The question Assuming one has obtained an eigenpair of a matrix via Lanczos, is it viable to simply orthogonalize a random vector against any known eigenvectors and use that as the Krylov seed in order to find orthogonal eigenvectors?
My comments Since eigenvectors are not necessarily orthogonal, just linearly independent, this implies that this method will only produce orthogonal eigenpairs (which would limit the number of solutions that Lanczos can produce). I have currently implemented this type of eigensearch which attempts to generate Krylov subspaces that do not contain known eigenpairs and I find myself getting the same eigenvalues quite frequently during one full matrix eigenpair solve. I think maybe degeneracy is occurring due to numerical rounding errors inherent in programming.
Some information on the types of matrices that I'm solving: They're hermitian and they're actually modes of a system. A fundamental concept in electromagnetics and quantum theory (the areas I'm using this solver in) is that the modes must be orthogonal. That's why I'm interested in orthogonal modes.

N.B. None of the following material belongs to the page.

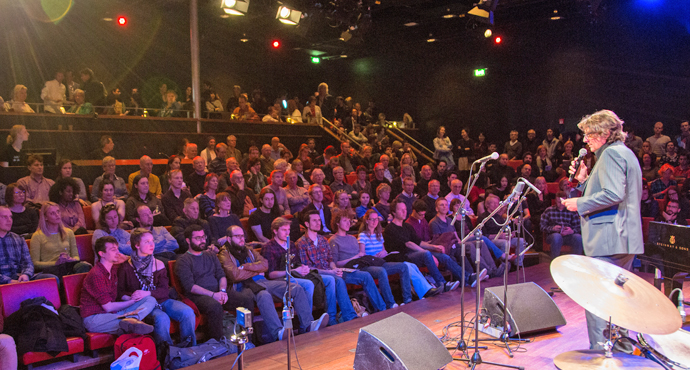 Het BIMHUIS staat op scherp, de strijd barst los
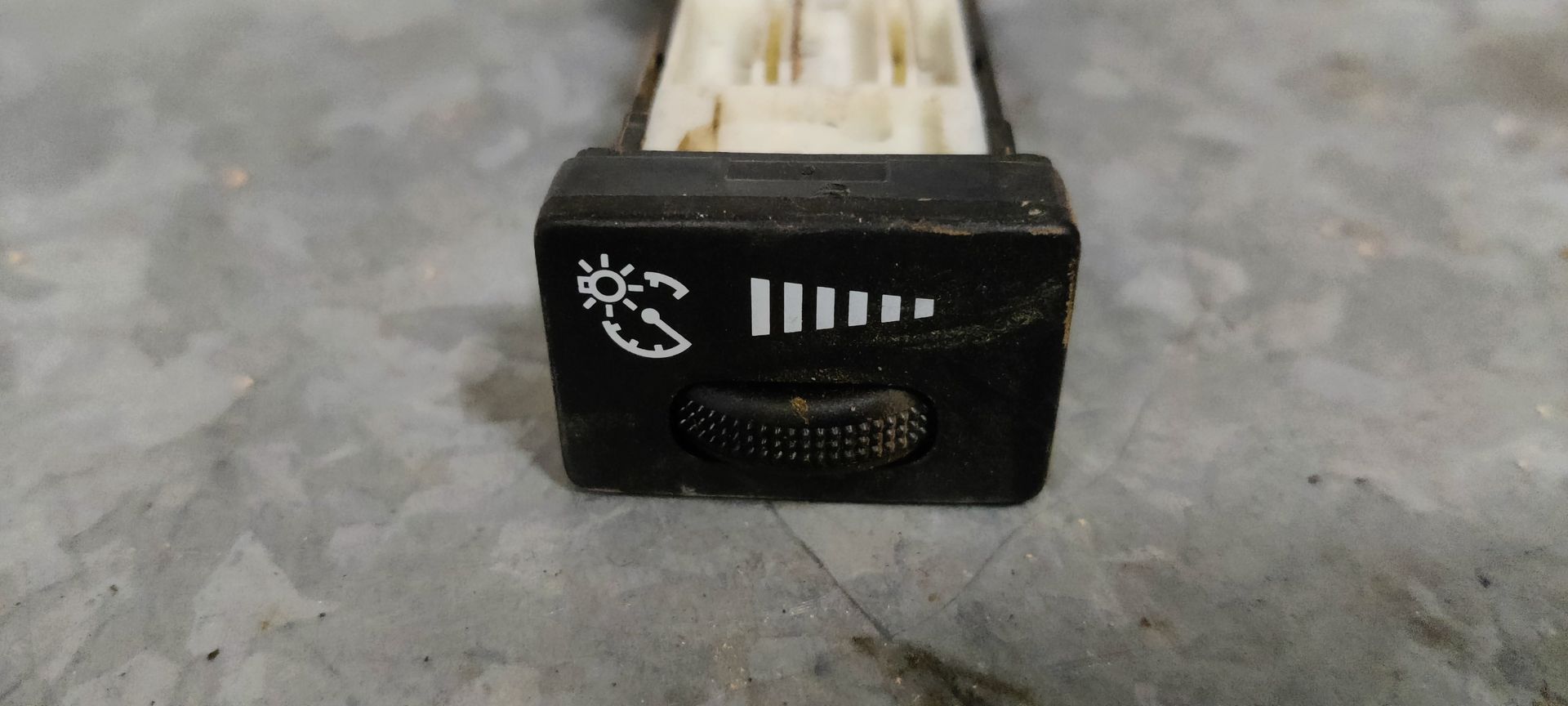 dashboard dimmer van een Toyota uit 2008.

Other details that might help nail my potential misunderstandings about Lanczos I'm using Gram-Schmidt to find a new vector that is orthogonal since any known eigenvectors will be unchanged by the process as they are already orthogonal. Only the new random vector will be modified and made to be orthonormal to the known set of eigenvectors.
The Krylov subspace generated via Lanczos is created by starting with an random initial vector. I'm thinking that if you modify the initial guess vector to be orthogonal to known eigenvectors that you can generate a Krylov subspace which does not contain the known eigenpairs.
Any comments on my statements where I'm not technically correct or blatantly wrong would be extremely helpful.